Away, and mock the time with fairest show:

False face must hide what the false heart doth know. - Macbeth Scene I, act vii

The Xbox One vs PS4 debate got a shot of hard statistics this week after Eurogamer's Digital Foundry released a graphics comparison based on mock-up versions of both next-gen consoles. Take a look:

Xbox One vs PS4: Digital Foundry Benchmark Test

Visually, there isn't much difference in how the Xbox One looks compared to the PS4. But you can see in the benchmarking that Sony has a built-in computational advantage over the Xbox One. According to Digital Foundry, the PS4 possessed, on average during the tests, a 24 percent advantage.

"The PS4 enjoys two key strengths over the Xbox One in terms of its rendering prowess: raw GPU power and masses of bandwidth. On the face of it, the specs look like a wash, but it seems clear that one of those advantages - the 50 per cent increase in compute power - doesn't result in the stratospheric boost to performance you might imagine. Clearly the PS4 is more powerful, but the evidence suggests that quality tweaks and/or resolution changes could help produce level frame-rates on both platforms running the same games. Bandwidth remains the big issue - the PS4's 256-bit bus is established technology, and easy to utilize. Xbox One's ESRAM is the big unknown," writes Digital Foundry.

So that's it right? Xbox One vs PS4 console war is over now? Sony has the better hardware in the box and that is that.

Not really.

There's no denying that the PS4 has the better hardware. Developers have been raving over the strength of the system architecture and how effectively it can process data. Microsoft's ESRAM/DDR3 combo set-up, inherently different from the more direct GDDR5 in the PS4, requires more work from developers. However, the under-the-hood comparisons don't take into account a major variable, and one I think will give Microsoft the edge over time: cloud computing.
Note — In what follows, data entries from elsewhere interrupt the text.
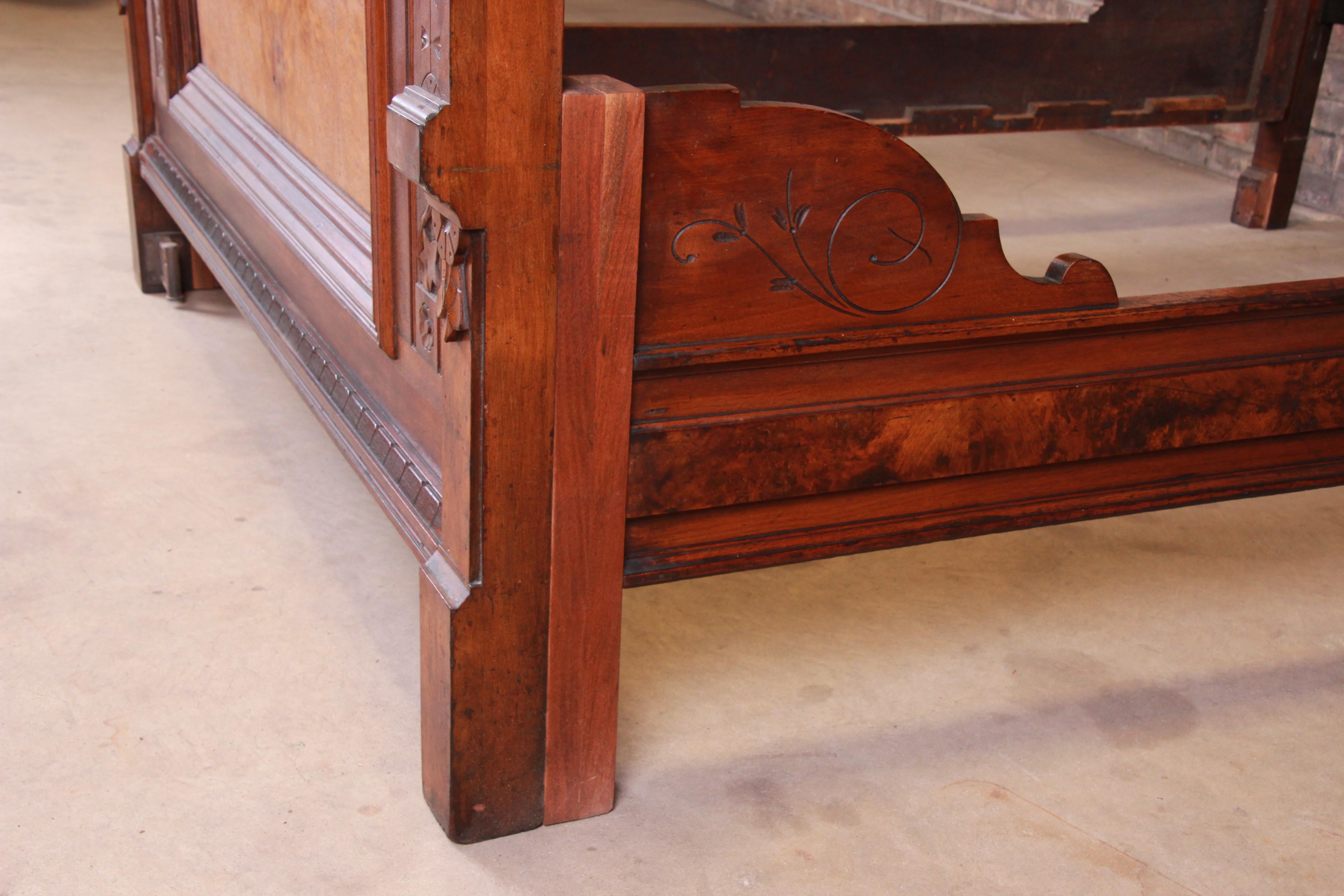 Monumental Eastlake Victorian Carved Walnut and Burl Wood Bed, circa 1870 6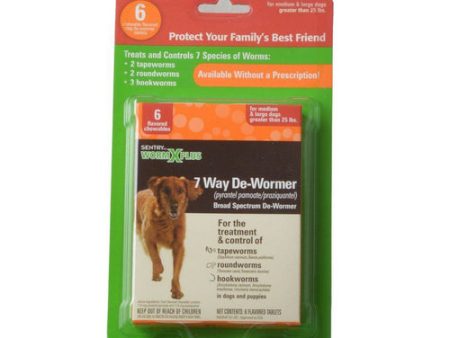 Worm X Plus - Large Dogs 6 Count by Sentry on Sale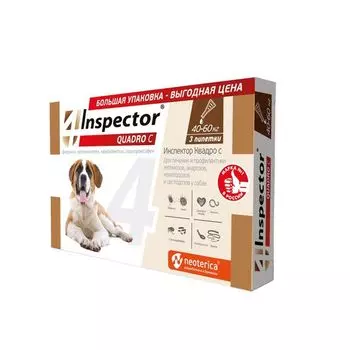 Инспектор Квадро С капли на холку для собак массой 40-60кг пипетка 6мл 3шт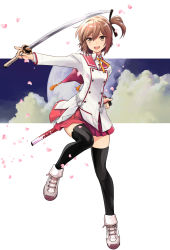 Rule 34 | 10s, 1girl, :d, black thighhighs, breasts, brown eyes, brown hair, cherry blossoms, etou kanami, full body, hair ribbon, highres, holding, holding sword, holding weapon, katana, looking at viewer, one side up, open mouth, pleated skirt, red skirt, ribbon, saitou sakae, school uniform, shoes, short hair, skirt, small breasts, smile, sneakers, solo, sword, thighhighs, toji no miko, unsheathed, weapon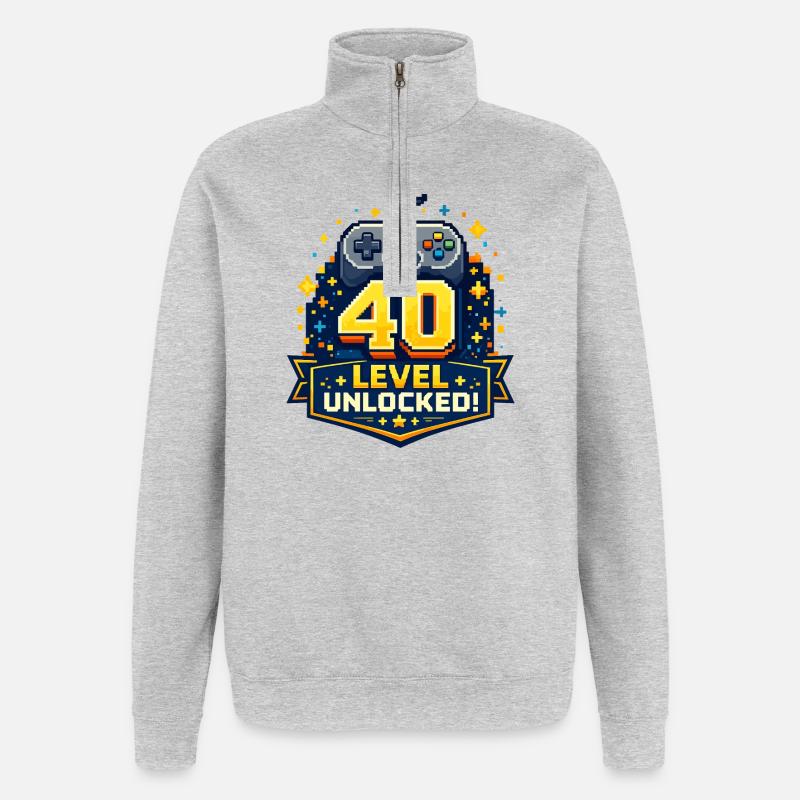 40 Level Unlocked Retro Controller - Quarter-Zip Sweatshirt - heather grey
Xbox One vs PS4: Sony Wins Today, Microsoft Wins Tomorrow And Tomorrow And Tomorrow ...

"All our yesterdays have lighted fools

The way to dusty death ... " Macbeth Act V, Scene V

Microsoft might have lost the early PR campaign and be behind on out-of-the-box specs, but ultimately it will win the Xbox One vs PS4 console war because the PS4 is a system too focused on what the best tech is today, whereas the Xbox One appears to be a "futureproof" system designed to peak a few years from now. Microsoft said this back in June:

For us, the future comes in the form of Xbox One, a system designed to be the best place to play games this year and for many years to come.

What works against Microsoft in the early days of the Xbox One vs PS4 console war is the system's reliance on a strong broadband connection. (The flip-flop on the 'Always-On' setting will likely be temporary once the launch window closes). Microsoft's strongest market is the U.S., where broadband connectivity is still a big issue for plenty of people in rural areas. From the FCC:

Approximately 19 million Americans-6 percent of the population-still lack access to fixed broadband service at threshold speeds. In rural areas, nearly one-fourth of the population -14.5 million people-lack access to this service. In tribal areas, nearly one-third of the population lacks access. Even in areas where broadband is available, approximately 100 million Americans still do not subscribe.

The mention of these people is what spawned the infamous #dealwithit controversy, and Microsoft came across looking like this.

So the not-required-but-recommended 'always on' setting means Xbox One has 100 million people who, for better or worse, will not come close to getting the functionality out of the Xbox One that Microsoft gets when it sets it up in the fancy schmancy lab and tests it under optimum conditions.

The anti-#dealwithit crowd I know (disclaimer: I was once on the bandwagon too) all have access to decent Internet service. I live in NYC, along with 9 million other people in the "can get most of the most out of an Xbox One on the release date" camp. But I hear people go after #dealwithit and act like they're not buying an Xbox One because Microsoft doesn't care about Mellette County, South Dakota. The simple fact is Microsoft DOES care about Mellette County, just not right now during the launch window. In the Xbox One vs PS4 debate, PS4 wins out of the box, but Microsoft wins on the calendar.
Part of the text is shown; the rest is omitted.